At the moment you can only see ray tracing on RTX cards and the change means that ray tracing will work on GPUs from the 1060.
There are some limits. Some games like Battlefield V will run just fine and deliver better visuals, but other games, like the freshly released Metro Exodus, will run at just 18 fps at 1440p which is unplayable.
In Battlefield V, for instance, ray tracing is only used for things like reflections and you can dial down the strength of the effect so that it consumes less computing power.
Metro Exodus, on the other hand, uses ray tracing to create highly realistic "global illumination" effects, simulating lighting from the real world. It's the first game that really showed the potential of RTX cards and generated some excitement about the tech. However, because it's so computationally intensive, GTX cards - which don't have the RTX tensor cores - will be effectively be too slow to run it.
Part of the problem is that older cards lack the integer cores and tensor cores found on the RTX cards and their brains get stuck on ray tracing, running about four times slower than the RTX cards on Metro Exodus.
Since Metro Exodus is so heavily ray traced, the RTX cards run it three times quicker than older GTX 10-series cards. However, that falls to two times for Shadow of the Tomb Raider, and 1.6 times for Battlefield V, because both of those games use ray tracing less. The latest GTX 1660 and 1660 Ti GPUs, which don't have RT but do have integer cores, will run ray traced games moderately better than last-gen 10-series GPUs.

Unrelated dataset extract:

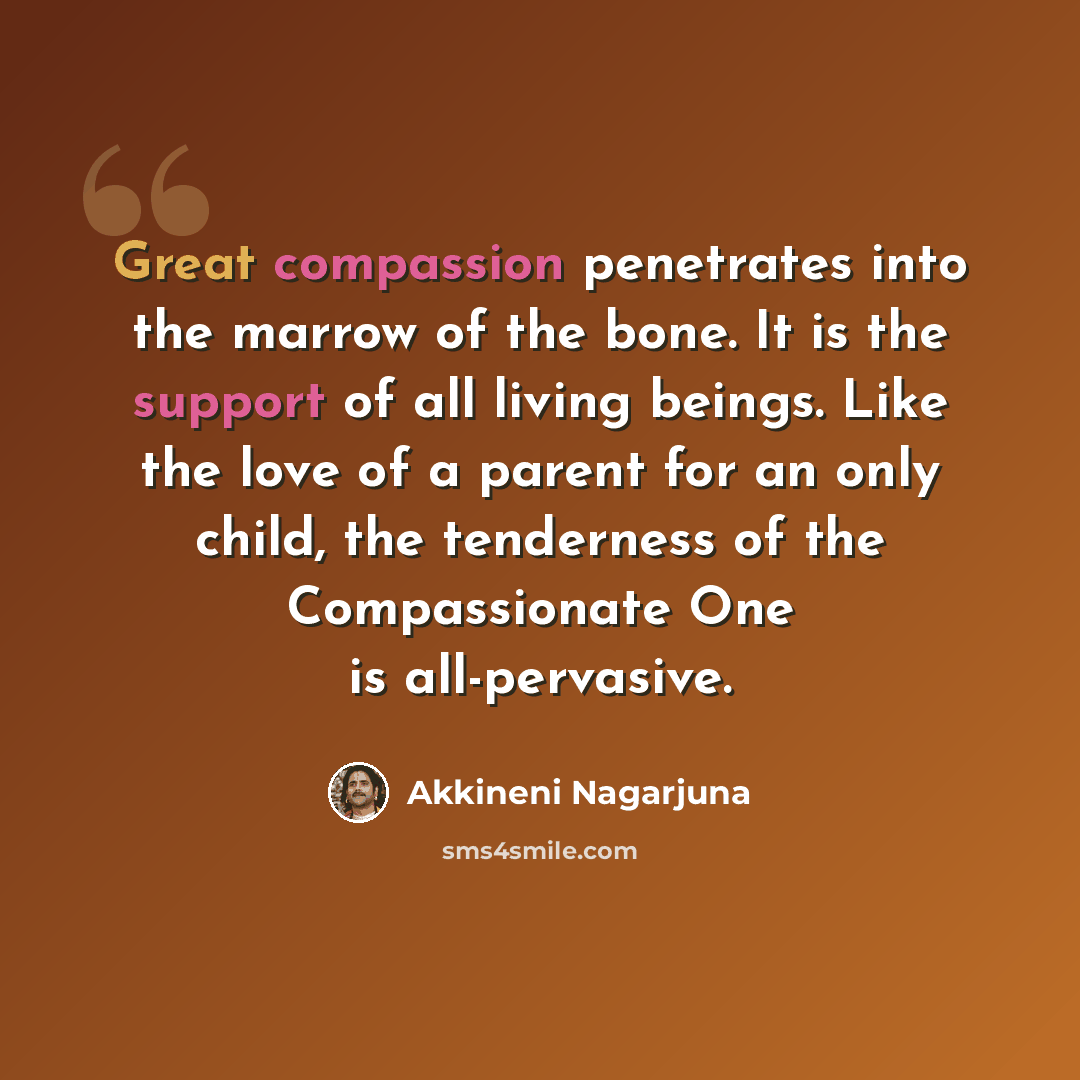 “Great compassion penetrates into the marrow of the bone. It is the support of all living beings. Like the love of a parent for an only child, the tenderness of the Compassionate One is all-pervasive.” quote by Akkineni Nagarjuna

Nvidia has also announced that Unity and Unreal Engine now support ray tracing, allowing developers to implement the tech into their games. Developers can use Nvidia's new set of tools called GameWorks RTX to achieve this.
It includes the RTX Denoiser SDK that enables real-time ray tracing through techniques that reduce the required ray count and number of samples per pixel. It will support ray traced effects like area light shadows, glossy reflections, ambient occlusion and diffuse global illumination.